▶ DATA SHOWN:
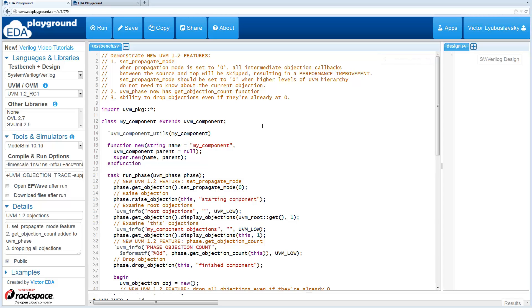Welcome back to What's New in UVM 1.2 series. Today we will cover objections. We'll cover several features related to objections.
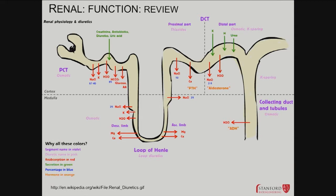The key thing to realize is it gets concentrated in the end. The final deliverable is the final concentrated urine.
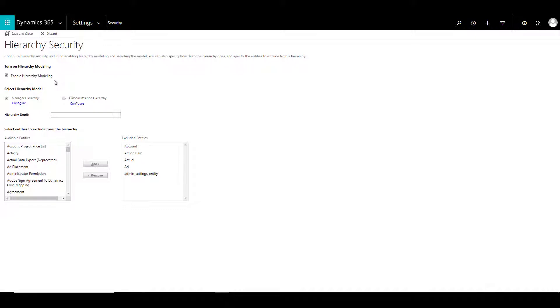So this is all about manager hierarchy and custom position hierarchy. Why don't you go ahead and configure them, try to play around with them, and try to test various scenarios. Go ahead and enjoy.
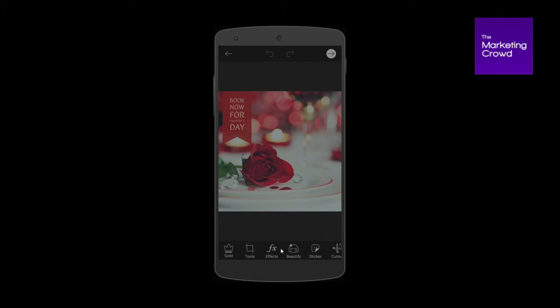Now in another lesson I showed you how to add this text using SparkPost. Within SparkPost you can't add your logo — you can simply add text that looks really good and you can even animate the text, but you can't add your logo.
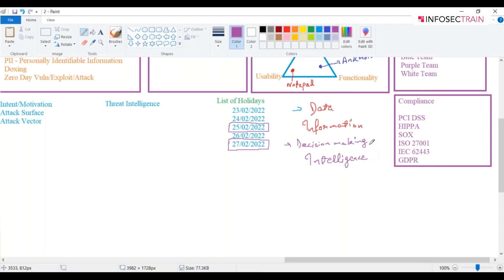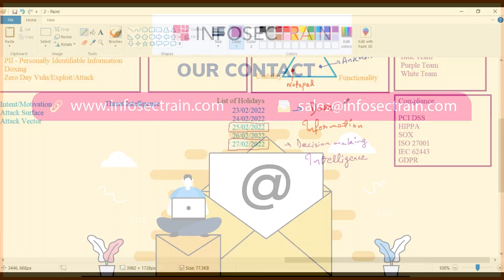Till this point you are having meaningful information. Data is something which is raw, having no meaning. Information is the point where you have some meaningful information. Once you process the data, it has some meaning to you. And when we talk about intelligence, you analyze that information. When you analyze that information, it will be providing you in-depth knowledge. This is known as your intelligence.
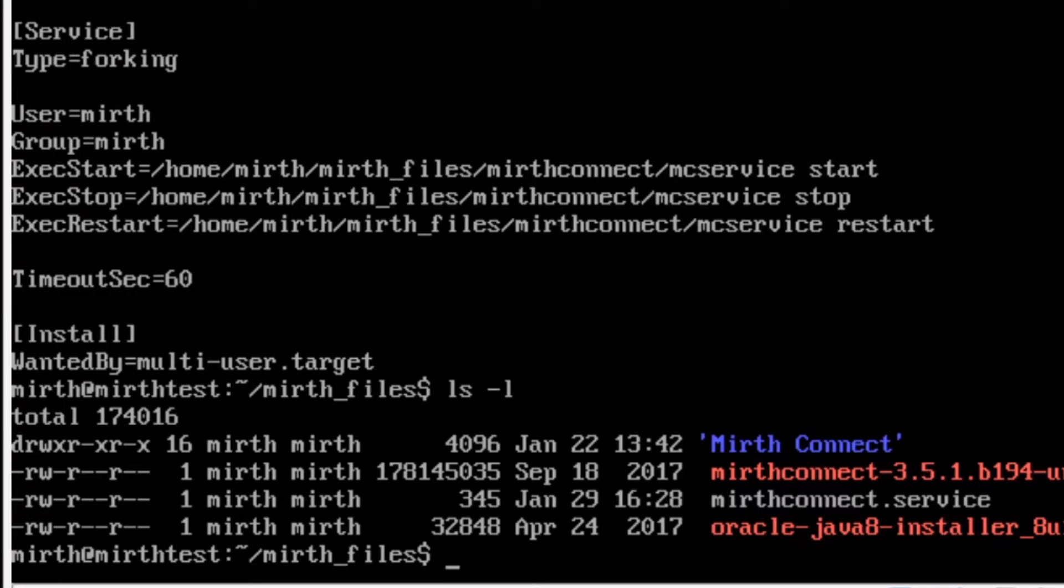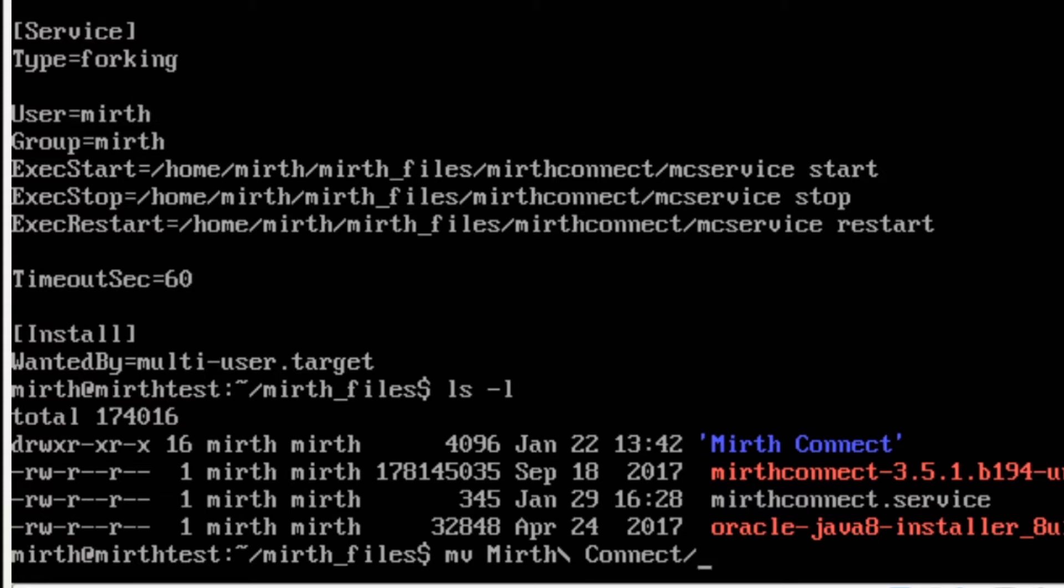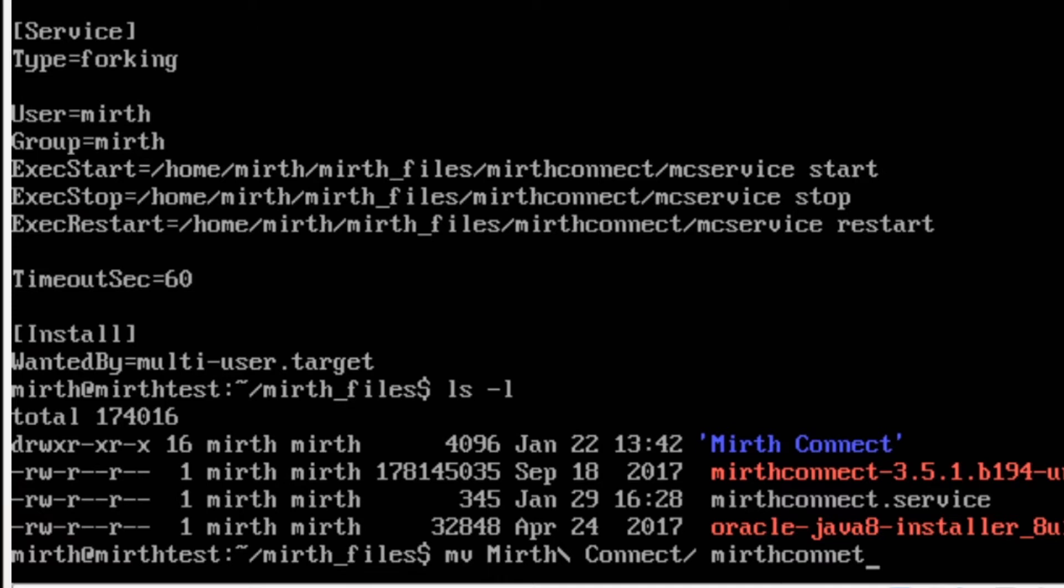So we want to MV move. MV stands for move. And then capital M press tab. It should autocomplete to MIRTH Connect with the escape characters in place for the spaces. I'm going to hit space and then rename it as mirth connect. No spaces, all lowercase.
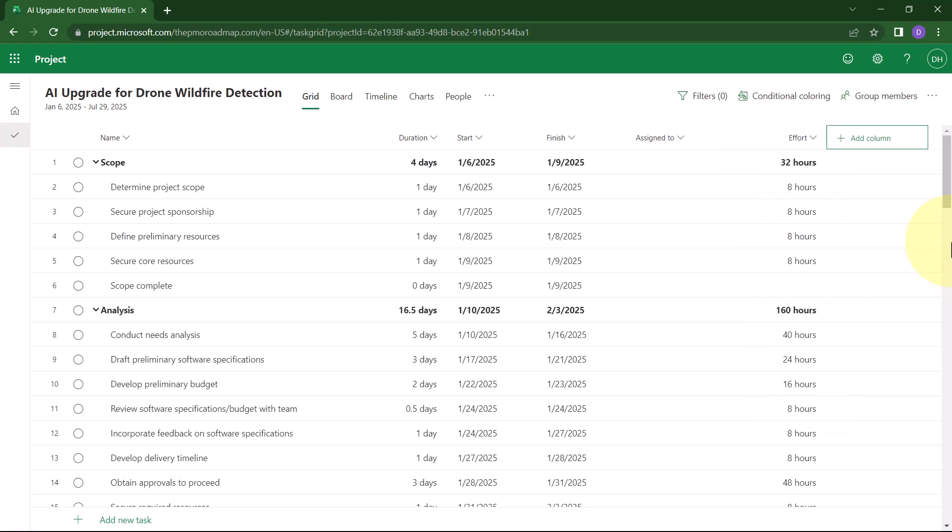Once you have these columns in place, you're ready to begin assigning resources to tasks. You can see current durations, the current scheduled start and finish date for each task. Based on that information, you can use the Assign To column to assign each task to a team member. And if necessary, you can also enter the effort or work required for the team member working on the task.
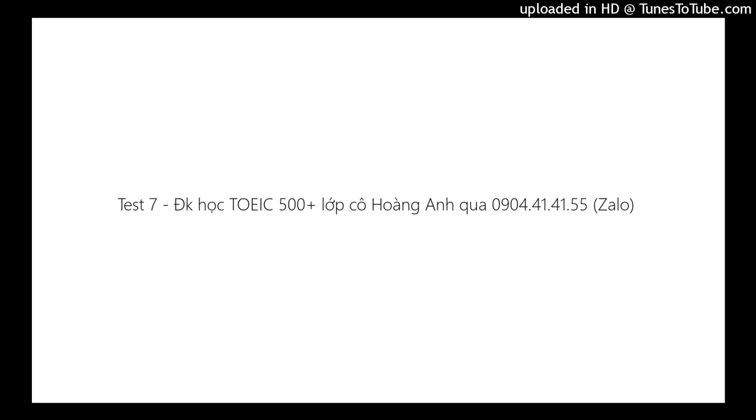Test 7. In this section of the test, you will have the chance to show how well you understand spoken English. There are four parts to this section, with special directions for each part. Part 1. Directions: For each question, you will see a picture and you will hear four short statements. The statements will be spoken just one time.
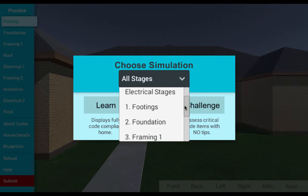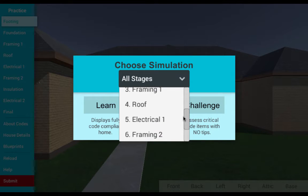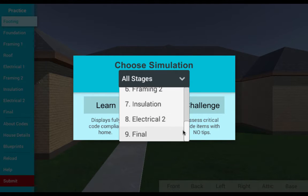Areas covered in the simulation include footing, foundation, framing, roofing, insulation, and electrical.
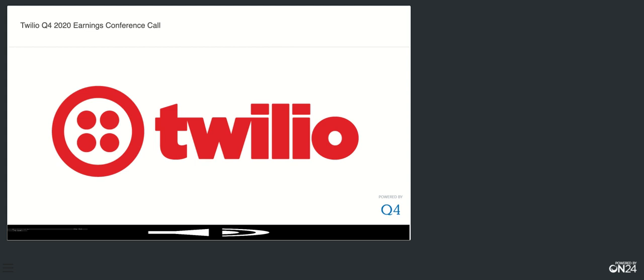Before I turn it over to George, I also wanted to highlight that we launched our first-ever impact report today, which you can find on our website. The report covers several topics, including our focus on helping our neighbors and communities. In fact, in 2020, nonprofits, social enterprises, and local governments using Twilio helped reach 266 million people. You'll also find information on our latest diversity and inclusion stats, as well as some new ESG initiatives and disclosures.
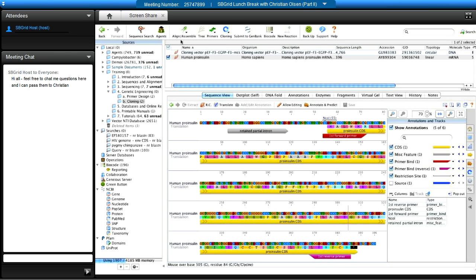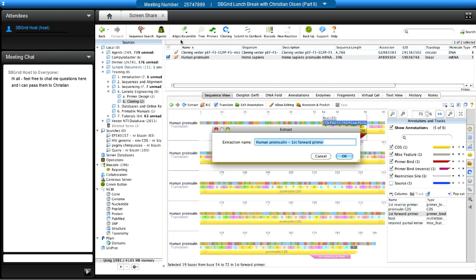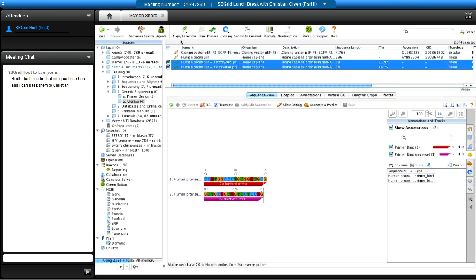Clicking OK designs the primers and maps them onto the human pro-insulin CDS. They have directional indicators — one pointing right, one left — labeled 'First Forward' and 'First Reverse,' and are added to the annotations menu. You can double-click or right-click to extract the primers and give them a relevant name such as 'Human Pro-Insulin Primer.' They receive green directional arrow icons in the local directory, and you can test with those saved primers.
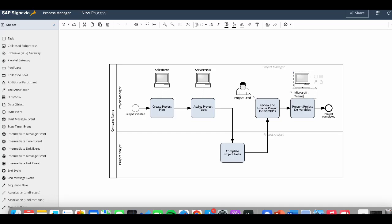Now, this is what a complete process model looks like. We have the organization name, the roles responsible for the activities in the process, start and end point of the process, process steps, additional participant, and IT systems used for the process completion.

▶ PROBLEM:
Repeat the records exactly but leave out the images.

▶ OUTPUT OF THE EXERCISE:
Welcome back to What's New in UVM 1.2 series. Today we will cover objections. We'll cover several features related to objections.
The key thing to realize is it gets concentrated in the end. The final deliverable is the final concentrated urine.
So this is all about manager hierarchy and custom position hierarchy. Why don't you go ahead and configure them, try to play around with them, and try to test various scenarios. Go ahead and enjoy.
Now in another lesson I showed you how to add this text using SparkPost. Within SparkPost you can't add your logo — you can simply add text that looks really good and you can even animate the text, but you can't add your logo.
Till this point you are having meaningful information. Data is something which is raw, having no meaning. Information is the point where you have some meaningful information. Once you process the data, it has some meaning to you. And when we talk about intelligence, you analyze that information. When you analyze that information, it will be providing you in-depth knowledge. This is known as your intelligence.
So we want to MV move. MV stands for move. And then capital M press tab. It should autocomplete to MIRTH Connect with the escape characters in place for the spaces. I'm going to hit space and then rename it as mirth connect. No spaces, all lowercase.
Once you have these columns in place, you're ready to begin assigning resources to tasks. You can see current durations, the current scheduled start and finish date for each task. Based on that information, you can use the Assign To column to assign each task to a team member. And if necessary, you can also enter the effort or work required for the team member working on the task.
Test 7. In this section of the test, you will have the chance to show how well you understand spoken English. There are four parts to this section, with special directions for each part. Part 1. Directions: For each question, you will see a picture and you will hear four short statements. The statements will be spoken just one time.
Areas covered in the simulation include footing, foundation, framing, roofing, insulation, and electrical.
Before I turn it over to George, I also wanted to highlight that we launched our first-ever impact report today, which you can find on our website. The report covers several topics, including our focus on helping our neighbors and communities. In fact, in 2020, nonprofits, social enterprises, and local governments using Twilio helped reach 266 million people. You'll also find information on our latest diversity and inclusion stats, as well as some new ESG initiatives and disclosures.
Clicking OK designs the primers and maps them onto the human pro-insulin CDS. They have directional indicators — one pointing right, one left — labeled 'First Forward' and 'First Reverse,' and are added to the annotations menu. You can double-click or right-click to extract the primers and give them a relevant name such as 'Human Pro-Insulin Primer.' They receive green directional arrow icons in the local directory, and you can test with those saved primers.
Now, this is what a complete process model looks like. We have the organization name, the roles responsible for the activities in the process, start and end point of the process, process steps, additional participant, and IT systems used for the process completion.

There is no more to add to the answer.